Palliative Sedation and Nursing: The Place of Palliative Sedation Within Palliative Nursing Care

Patricia Claessens, RN, MSN; Ellen Genbrugge, RN; Rita Vannuffelen, RN; Bert Broeckaert, PhD; Paul Schotsmans, PhD; Johan Menten, MD, PhD

Disclosures

Journal of Hospice and Palliative Nursing. 2007;9(2):100-106. 

In This Article

Abstract and Introduction

Despite the fact that palliative sedation can be considered a gradually accepted form of therapy within palliative care, it still remains a much debated issue in palliative nursing. Moreover, research shows that palliative sedation often involves an emotional burden for care providers and, more specifically, for nurses. This article focuses on clarifying how palliative sedation as a therapy fits into the care perspective of palliative nursing. It describes the way in which decisions can be made about sedation and how the practical procedure may be carried out, and it illustrates the role the nurse can play. It becomes clear that nurses, alongside other care providers, play a crucial role in the process of palliative sedation. By using this step-by-step plan for palliative sedation, however, the decision-making process becomes multidisciplinary and diminishes the emotional burden for nurses. Moreover, it brings about clarity among care providers on when palliative sedation is and is not an issue.
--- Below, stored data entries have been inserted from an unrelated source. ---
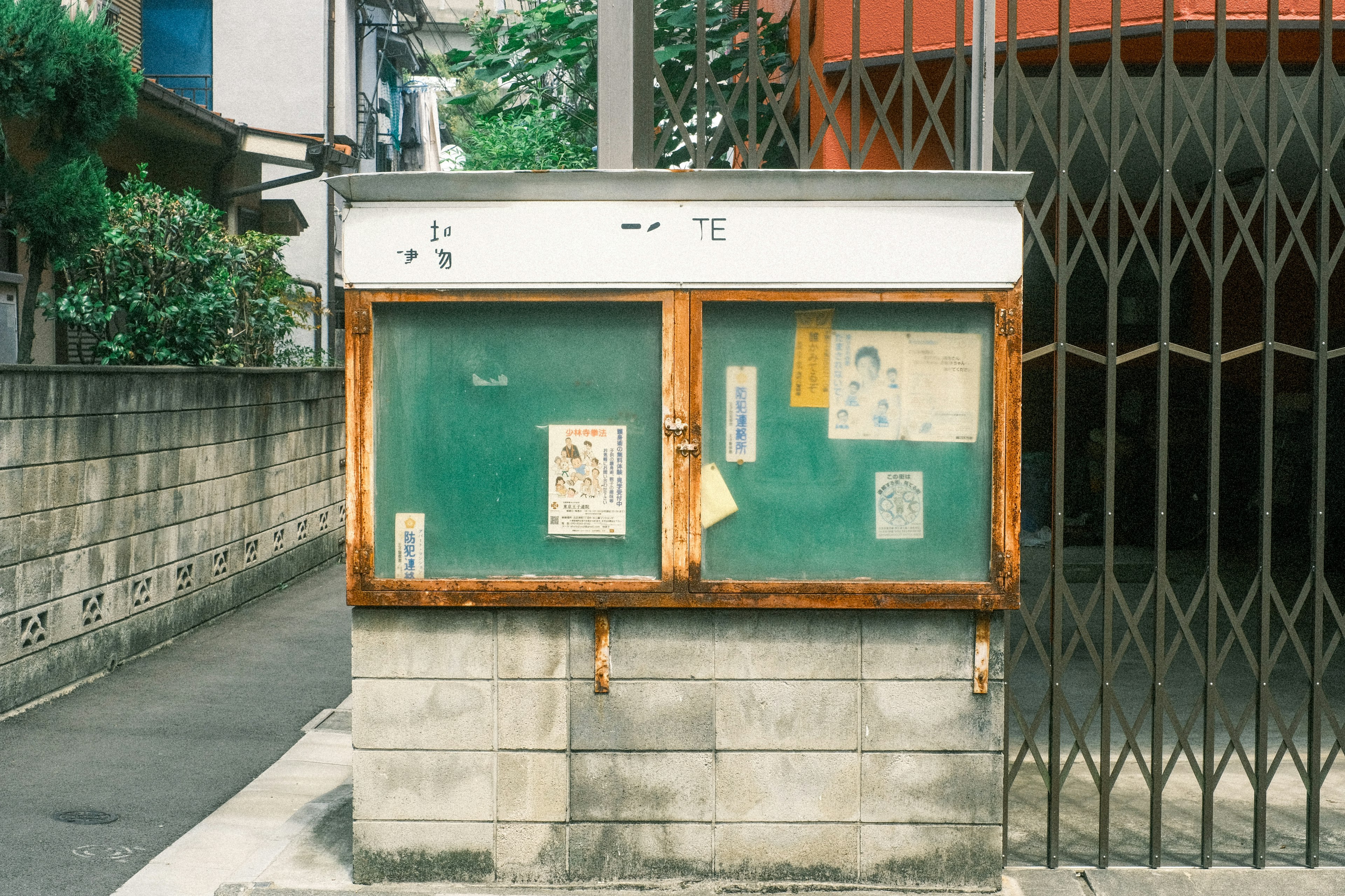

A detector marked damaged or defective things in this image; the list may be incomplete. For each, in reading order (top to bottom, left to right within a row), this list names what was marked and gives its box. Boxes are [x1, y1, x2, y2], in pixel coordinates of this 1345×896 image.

rusty metal frame [344, 282, 1017, 611]
rusted metal bracket [592, 608, 608, 689]
rusted metal bracket [974, 611, 995, 694] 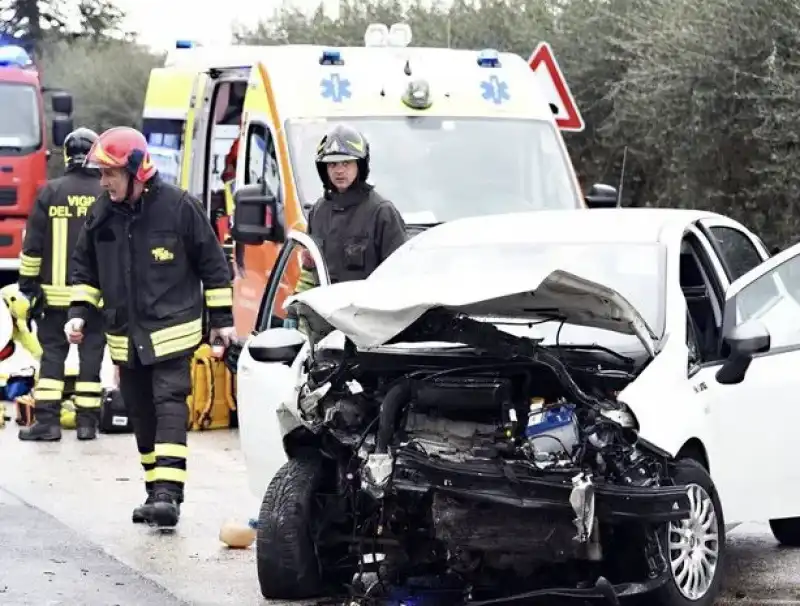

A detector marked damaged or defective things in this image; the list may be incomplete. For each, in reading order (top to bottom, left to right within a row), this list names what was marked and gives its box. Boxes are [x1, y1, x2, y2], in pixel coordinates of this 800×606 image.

crushed car hood [288, 268, 656, 356]
wrecked white car [236, 210, 800, 606] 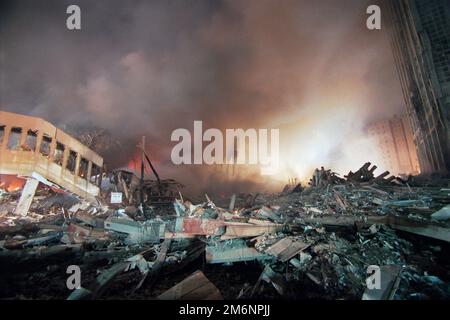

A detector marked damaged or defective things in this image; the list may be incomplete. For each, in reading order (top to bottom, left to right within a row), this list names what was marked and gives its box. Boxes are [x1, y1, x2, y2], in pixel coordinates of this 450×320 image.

An essential element in palliative care is striving for the best possible quality of life for each terminally ill patient and his or her family. To accomplish this goal, it is important to relieve the patient as much as possible of unpleasant physical, psychological, social, or spiritual problems.[1,2] In recent years, a positive evolution has been noticed regarding the treatment of such physical symptoms as pain.[3] Research shows that on the whole, palliative care succeeds in adequately treating a number of symptoms, mainly physical,[4,5,6] but at the same time it is evident that many symptoms, although treated, are not accounted for sufficiently. Sometimes these symptoms concern physical problems but increasingly they include spiritual and existential problems.[7] These inadequately manageable symptoms are also called "refractory symptoms" and can be distinguished from other symptoms that are difficult to treat because contrary to the advice of many clinical experts, they cannot be treated without compromising the patient's consciousness.[7,8] These refractory symptoms often can have a significant adverse effect on the functioning and well-being of a patient[8,9] and increase in intensity as the patient approaches death.[10] Since 1990, some have begun to consider palliative sedation as the final therapeutic possibility.[11]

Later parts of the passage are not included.